L'evento - organizzato dalla Comunità di Sant'Egidio, dalla diocesi di Assisi-Nocera Umbra-Gualdo Tadino e dalle Famiglie Francescane a trent'anni dallo storico incontro voluto da San Giovanni Paolo II - riunisce 511 leader delle religioni mondiali, esponenti del mondo della cultura credenti e non. Uniti da una comune "sete di pace". E dalla volontà di edificarla. Il Centrafrica, che su tale impegno sta costruendo il suo futuro, dunque, non poteva mancare. «Lakuanga è la dimostrazione che possiamo farcela. Là, islamici hanno cominciato a riparare la moschea. E i cristiani hanno voluto dare loro una mano. Altrove è accaduto il contrario: i musulmani stanno contribuendo alla riedificazione delle chiese. Ci sono decine di casi. Sono questi i segni più autentici della ricostruzione nazionale.
«Perché -prosegue Touadera - dove c'è un luogo di culto si può pregare e dove si prega sboccia la pace».
Con questo spirito, papa Francesco ha scelto di visitare la nazione, il 29 novembre scorso. Nella capitale, il Pontefice ha spalancato la Porta Santa, anticipando l'inizio dell'Anno della Misericordia. «Con il suo gesto forte, la sua presenza, la scelta di incontrare i giovani islamici nella grande moschea, il Papa ha demistificato l'inganno di quanti volevano strumentalizzare la religione per giustificare la violenza. Il viaggio di Francesco ha segnato uno spartiacque tra la guerra e un futuro di riconciliazione possibile», sottolinea il presidente. Certo, la pace in Centrafrica è ancora fragile. «Abbiamo necessità del sostegno internazionale. Durante il conflitto, in tanti - in primis Sant'Egidio il cui aiuto, nel pieno della bufera, è stato fondamentale - ci sono stati accanto. Ora è importante che il mondo non ci lasci soli».

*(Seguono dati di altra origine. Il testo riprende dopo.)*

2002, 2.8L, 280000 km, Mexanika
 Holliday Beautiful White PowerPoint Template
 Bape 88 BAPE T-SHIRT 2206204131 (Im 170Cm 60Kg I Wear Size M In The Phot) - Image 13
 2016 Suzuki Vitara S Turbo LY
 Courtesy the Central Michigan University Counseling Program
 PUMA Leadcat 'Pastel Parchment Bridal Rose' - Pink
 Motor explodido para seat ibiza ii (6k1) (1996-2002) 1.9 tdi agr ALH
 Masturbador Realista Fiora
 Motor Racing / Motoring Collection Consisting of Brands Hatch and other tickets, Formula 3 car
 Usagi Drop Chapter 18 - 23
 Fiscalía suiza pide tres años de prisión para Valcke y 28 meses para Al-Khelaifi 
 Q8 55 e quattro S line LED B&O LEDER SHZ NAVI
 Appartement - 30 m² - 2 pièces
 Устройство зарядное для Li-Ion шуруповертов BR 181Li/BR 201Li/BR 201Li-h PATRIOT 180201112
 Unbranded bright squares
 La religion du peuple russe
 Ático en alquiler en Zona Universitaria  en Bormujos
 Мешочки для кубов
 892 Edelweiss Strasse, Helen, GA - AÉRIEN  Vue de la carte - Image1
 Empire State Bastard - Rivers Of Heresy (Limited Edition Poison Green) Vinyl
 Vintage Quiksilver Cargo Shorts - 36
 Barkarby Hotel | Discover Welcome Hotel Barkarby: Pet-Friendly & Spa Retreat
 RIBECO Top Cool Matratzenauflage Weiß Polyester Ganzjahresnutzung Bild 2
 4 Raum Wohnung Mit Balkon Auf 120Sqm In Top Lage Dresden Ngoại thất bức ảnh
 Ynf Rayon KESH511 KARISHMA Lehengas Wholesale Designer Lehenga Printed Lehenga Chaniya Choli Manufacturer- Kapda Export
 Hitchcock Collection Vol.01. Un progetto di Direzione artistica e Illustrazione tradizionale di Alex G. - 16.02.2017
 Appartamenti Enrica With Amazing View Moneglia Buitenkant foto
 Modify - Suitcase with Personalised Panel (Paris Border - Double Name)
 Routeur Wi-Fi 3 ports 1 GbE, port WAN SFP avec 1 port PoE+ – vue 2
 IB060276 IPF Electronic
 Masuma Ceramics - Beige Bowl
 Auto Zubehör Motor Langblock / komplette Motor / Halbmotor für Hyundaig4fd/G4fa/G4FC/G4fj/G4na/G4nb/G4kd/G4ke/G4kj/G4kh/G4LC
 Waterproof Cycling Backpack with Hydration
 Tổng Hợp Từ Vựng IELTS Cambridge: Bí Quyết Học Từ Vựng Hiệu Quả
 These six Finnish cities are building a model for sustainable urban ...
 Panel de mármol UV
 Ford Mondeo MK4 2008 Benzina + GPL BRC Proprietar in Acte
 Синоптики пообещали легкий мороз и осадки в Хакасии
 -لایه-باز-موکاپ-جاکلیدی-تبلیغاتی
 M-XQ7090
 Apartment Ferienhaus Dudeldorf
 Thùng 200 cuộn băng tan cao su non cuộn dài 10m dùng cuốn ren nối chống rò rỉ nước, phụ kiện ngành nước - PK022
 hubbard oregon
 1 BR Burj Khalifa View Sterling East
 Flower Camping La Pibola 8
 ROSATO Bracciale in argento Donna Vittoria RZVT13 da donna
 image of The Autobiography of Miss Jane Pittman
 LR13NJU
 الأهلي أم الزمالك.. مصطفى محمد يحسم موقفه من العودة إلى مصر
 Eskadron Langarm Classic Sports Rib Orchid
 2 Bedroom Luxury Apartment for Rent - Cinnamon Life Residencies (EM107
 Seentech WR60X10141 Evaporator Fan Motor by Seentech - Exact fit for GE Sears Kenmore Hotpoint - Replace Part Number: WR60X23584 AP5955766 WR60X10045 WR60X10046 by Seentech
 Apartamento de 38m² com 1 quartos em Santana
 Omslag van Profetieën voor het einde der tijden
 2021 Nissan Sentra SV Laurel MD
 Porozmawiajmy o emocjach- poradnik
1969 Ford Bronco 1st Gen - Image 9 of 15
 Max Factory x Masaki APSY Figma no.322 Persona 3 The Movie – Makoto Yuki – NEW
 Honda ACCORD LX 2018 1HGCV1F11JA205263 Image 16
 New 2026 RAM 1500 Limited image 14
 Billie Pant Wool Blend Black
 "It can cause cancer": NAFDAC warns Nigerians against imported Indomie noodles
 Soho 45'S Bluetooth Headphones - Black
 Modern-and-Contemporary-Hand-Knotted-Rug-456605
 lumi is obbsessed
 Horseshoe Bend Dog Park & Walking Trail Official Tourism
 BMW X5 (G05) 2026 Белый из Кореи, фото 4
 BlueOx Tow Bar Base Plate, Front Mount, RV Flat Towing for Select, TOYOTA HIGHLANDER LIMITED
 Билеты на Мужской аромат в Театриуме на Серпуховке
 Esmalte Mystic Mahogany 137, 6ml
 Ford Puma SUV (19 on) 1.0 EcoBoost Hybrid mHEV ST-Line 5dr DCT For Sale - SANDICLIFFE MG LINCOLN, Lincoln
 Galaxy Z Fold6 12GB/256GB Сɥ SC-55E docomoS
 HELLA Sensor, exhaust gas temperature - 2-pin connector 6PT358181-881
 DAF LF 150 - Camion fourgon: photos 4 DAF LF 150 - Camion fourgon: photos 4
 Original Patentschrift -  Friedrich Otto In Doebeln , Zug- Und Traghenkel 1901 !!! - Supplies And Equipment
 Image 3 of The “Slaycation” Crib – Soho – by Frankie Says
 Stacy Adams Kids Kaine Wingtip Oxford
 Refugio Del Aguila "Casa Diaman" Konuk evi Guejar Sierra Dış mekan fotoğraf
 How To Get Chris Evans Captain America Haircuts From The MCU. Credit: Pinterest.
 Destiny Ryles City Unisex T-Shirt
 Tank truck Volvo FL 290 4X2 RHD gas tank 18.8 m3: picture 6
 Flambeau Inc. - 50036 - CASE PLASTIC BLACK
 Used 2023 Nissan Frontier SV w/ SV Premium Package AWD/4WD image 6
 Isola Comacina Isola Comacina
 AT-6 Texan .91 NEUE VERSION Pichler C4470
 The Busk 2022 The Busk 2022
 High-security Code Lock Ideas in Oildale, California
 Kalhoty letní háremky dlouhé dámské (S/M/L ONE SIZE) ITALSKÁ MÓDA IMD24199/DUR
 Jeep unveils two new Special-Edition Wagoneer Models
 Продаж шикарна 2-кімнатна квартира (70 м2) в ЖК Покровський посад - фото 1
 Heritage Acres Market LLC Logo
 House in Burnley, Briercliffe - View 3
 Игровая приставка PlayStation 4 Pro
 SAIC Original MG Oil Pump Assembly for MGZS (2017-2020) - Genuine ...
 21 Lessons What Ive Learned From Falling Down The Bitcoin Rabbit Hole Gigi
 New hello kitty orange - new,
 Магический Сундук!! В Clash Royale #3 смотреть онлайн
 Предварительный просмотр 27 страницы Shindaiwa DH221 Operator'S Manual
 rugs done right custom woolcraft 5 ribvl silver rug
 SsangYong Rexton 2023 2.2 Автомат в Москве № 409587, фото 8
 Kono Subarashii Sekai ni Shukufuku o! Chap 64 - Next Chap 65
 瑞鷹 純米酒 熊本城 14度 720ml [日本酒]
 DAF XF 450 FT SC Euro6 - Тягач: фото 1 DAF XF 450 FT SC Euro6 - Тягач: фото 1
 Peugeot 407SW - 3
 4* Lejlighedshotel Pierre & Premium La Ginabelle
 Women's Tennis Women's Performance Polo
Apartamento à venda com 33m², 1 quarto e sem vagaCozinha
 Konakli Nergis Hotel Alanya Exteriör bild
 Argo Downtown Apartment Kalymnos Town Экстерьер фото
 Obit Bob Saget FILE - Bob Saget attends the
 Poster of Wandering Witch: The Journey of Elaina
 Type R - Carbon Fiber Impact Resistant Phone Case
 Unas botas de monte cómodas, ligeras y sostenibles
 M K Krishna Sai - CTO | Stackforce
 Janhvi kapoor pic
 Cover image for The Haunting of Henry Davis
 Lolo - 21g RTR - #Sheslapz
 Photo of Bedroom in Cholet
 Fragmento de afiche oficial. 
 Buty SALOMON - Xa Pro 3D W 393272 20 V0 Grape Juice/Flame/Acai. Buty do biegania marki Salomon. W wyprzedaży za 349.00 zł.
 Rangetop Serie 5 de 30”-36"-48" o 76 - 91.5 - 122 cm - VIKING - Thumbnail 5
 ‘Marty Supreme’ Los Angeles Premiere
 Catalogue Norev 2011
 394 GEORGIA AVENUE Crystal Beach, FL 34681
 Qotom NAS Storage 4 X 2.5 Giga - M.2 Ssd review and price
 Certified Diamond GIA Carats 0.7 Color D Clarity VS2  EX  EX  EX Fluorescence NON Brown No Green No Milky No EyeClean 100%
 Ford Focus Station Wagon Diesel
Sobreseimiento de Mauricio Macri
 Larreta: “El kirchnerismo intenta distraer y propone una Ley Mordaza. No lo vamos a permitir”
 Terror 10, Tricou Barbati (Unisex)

La cooperazione - pubblica e privata- gioca un ruolo cruciale nel sostenere la stabilizzazione. Non a caso, il presidente ha voluto incontrare ad Assisi l'associazione "Amici per il Centrafrica - Carla Pagani", impegnata nel Paese dal 2001 con progetti sanitari e educativi. E ha ringraziato l'Italia. «La scelta di aprire, ad ottobre, per la prima volta, un ufficio di cooperazione a Bangui è un segnale di speranza».